- EXERCISE PROMPT:
With the records below as your source, retype each line exactly from the top down to the line that contains "Bandırmaspor-Esenler Erokspor MAÇI", and include that line.

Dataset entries
----------

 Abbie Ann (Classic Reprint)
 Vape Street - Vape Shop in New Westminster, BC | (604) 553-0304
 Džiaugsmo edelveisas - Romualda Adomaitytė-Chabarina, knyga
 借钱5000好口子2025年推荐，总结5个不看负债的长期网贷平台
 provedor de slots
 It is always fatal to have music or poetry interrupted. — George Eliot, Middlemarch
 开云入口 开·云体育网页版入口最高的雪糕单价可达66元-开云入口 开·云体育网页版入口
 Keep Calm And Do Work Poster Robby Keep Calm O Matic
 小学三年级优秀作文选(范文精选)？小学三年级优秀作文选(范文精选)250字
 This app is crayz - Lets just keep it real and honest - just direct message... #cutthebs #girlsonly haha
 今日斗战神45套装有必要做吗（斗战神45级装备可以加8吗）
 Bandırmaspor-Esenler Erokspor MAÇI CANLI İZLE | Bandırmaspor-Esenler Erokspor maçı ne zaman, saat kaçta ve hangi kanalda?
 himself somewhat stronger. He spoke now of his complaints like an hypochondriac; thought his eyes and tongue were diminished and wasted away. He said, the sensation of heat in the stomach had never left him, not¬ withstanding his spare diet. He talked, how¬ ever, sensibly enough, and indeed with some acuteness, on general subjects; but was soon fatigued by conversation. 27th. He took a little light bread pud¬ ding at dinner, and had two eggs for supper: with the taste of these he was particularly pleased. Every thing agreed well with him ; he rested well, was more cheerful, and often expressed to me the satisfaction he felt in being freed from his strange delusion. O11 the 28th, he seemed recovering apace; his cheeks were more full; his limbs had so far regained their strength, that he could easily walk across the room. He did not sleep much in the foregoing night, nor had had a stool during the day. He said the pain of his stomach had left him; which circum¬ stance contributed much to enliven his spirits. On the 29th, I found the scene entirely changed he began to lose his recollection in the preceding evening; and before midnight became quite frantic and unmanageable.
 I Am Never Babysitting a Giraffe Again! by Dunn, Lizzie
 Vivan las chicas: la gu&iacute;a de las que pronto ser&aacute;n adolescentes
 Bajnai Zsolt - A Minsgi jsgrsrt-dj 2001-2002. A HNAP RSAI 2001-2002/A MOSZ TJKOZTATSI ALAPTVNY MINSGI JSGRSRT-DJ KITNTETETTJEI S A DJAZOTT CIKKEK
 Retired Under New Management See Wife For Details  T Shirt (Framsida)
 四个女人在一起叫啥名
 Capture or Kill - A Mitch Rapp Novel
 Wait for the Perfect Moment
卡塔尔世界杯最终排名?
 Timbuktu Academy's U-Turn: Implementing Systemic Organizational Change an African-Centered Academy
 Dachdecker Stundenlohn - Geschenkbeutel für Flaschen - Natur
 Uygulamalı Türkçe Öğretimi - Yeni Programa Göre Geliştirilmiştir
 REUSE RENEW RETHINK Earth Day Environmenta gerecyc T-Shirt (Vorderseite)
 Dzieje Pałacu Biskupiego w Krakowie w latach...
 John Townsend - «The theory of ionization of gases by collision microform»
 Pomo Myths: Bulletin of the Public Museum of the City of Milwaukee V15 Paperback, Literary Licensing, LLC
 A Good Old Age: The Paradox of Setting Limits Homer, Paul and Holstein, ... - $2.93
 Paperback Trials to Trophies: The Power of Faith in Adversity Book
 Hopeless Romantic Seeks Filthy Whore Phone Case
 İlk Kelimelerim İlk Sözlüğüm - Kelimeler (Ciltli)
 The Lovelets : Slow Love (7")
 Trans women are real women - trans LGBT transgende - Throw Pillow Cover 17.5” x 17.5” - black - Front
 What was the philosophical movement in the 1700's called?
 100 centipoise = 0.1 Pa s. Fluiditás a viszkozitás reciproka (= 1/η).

----------

- COMPLETED TASK:
 Abbie Ann (Classic Reprint)
 Vape Street - Vape Shop in New Westminster, BC | (604) 553-0304
 Džiaugsmo edelveisas - Romualda Adomaitytė-Chabarina, knyga
 借钱5000好口子2025年推荐，总结5个不看负债的长期网贷平台
 provedor de slots
 It is always fatal to have music or poetry interrupted. — George Eliot, Middlemarch
 开云入口 开·云体育网页版入口最高的雪糕单价可达66元-开云入口 开·云体育网页版入口
 Keep Calm And Do Work Poster Robby Keep Calm O Matic
 小学三年级优秀作文选(范文精选)？小学三年级优秀作文选(范文精选)250字
 This app is crayz - Lets just keep it real and honest - just direct message... #cutthebs #girlsonly haha
 今日斗战神45套装有必要做吗（斗战神45级装备可以加8吗）
 Bandırmaspor-Esenler Erokspor MAÇI CANLI İZLE | Bandırmaspor-Esenler Erokspor maçı ne zaman, saat kaçta ve hangi kanalda?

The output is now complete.